Will my history degree be recognised?

You should have absolutely no problem with recognition of a history degree from a good university. If you are satisfied with the overall quality of the university and the reputation of its history department then it is unlikely that you will ever be at a disadvantage if you study history abroad.

All degrees within the European Union should be viewed equally although it is always a good idea to investigate the reputation of your chosen university.

Does it make sense to study history abroad?

It really depends on your personal interests. If you study history abroad it is unlikely that you will be studying British history. If you are interested in the history of a different country then it might make sense to go there and study.

In recent years some universities in non-English speaking countries have launched History degrees where English is the sole language of instruction. With the range of English-taught study programmes in History expanding fast, you will have a wide range of options to choose from even if you don't speak any foreign languages.

What else should I bear in mind?

If you are interested in American history you might want to look for degrees in American Studies that will include some history alongside other subjects.

Some universities offer degrees in “area studies”. This broad heading usually includes history, geography, politics, language and culture with reference to a particular country or region. Examples of such courses include International Studies at Leiden University (Netherlands) and various degrees at Sciences-Po in France.

American universities in Europe could offer you the chance to study history in English. However, they will not be focussed on British history so the curriculum is highly likely to be different from British universities. 

Where should I look for history degrees abroad?

The University of Groningen in The Netherlands became the latest European university to start teaching history in English  when they launched the 3-year degree programme "BA in History". The course covers three areas in history studies: cultural history, history of political culture, and economic and social history.
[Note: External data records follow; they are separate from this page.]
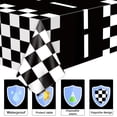 thumbnail image 3 of Juego de manteles para fiesta de cumpleaños, coche de carreras, 3 unidades, 3 of 8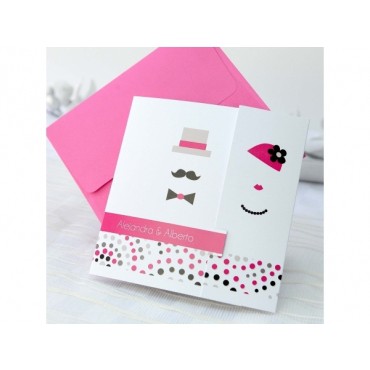 Faire-part mariage 32661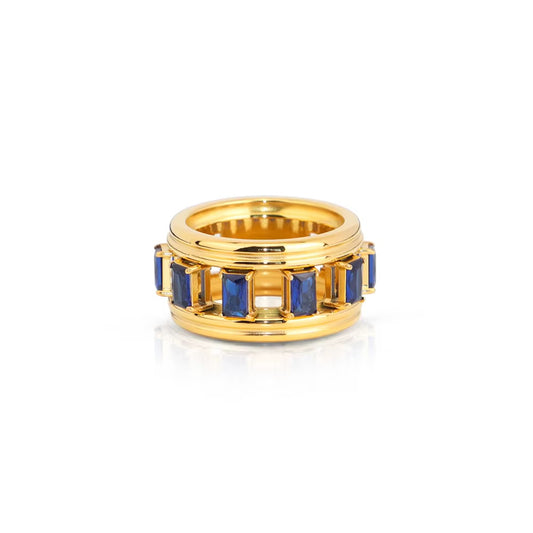 COLOSSAL BLUE ❥ Anello - BELLAETEREA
There are also opportunities at other Dutch research universities such as Utrecht University and Erasmus University Rotterdam, or private European institutions such as John Cabot Unversity (Italy), Franklin University (Switzerland) or St Louis University (Spain).

You may also want to consider taking a major in History at European universities that follow the American higher education model. For example, the History major at the American University of Paris is available to all third-year students who would like to specialise in this field after completing their two-year general education.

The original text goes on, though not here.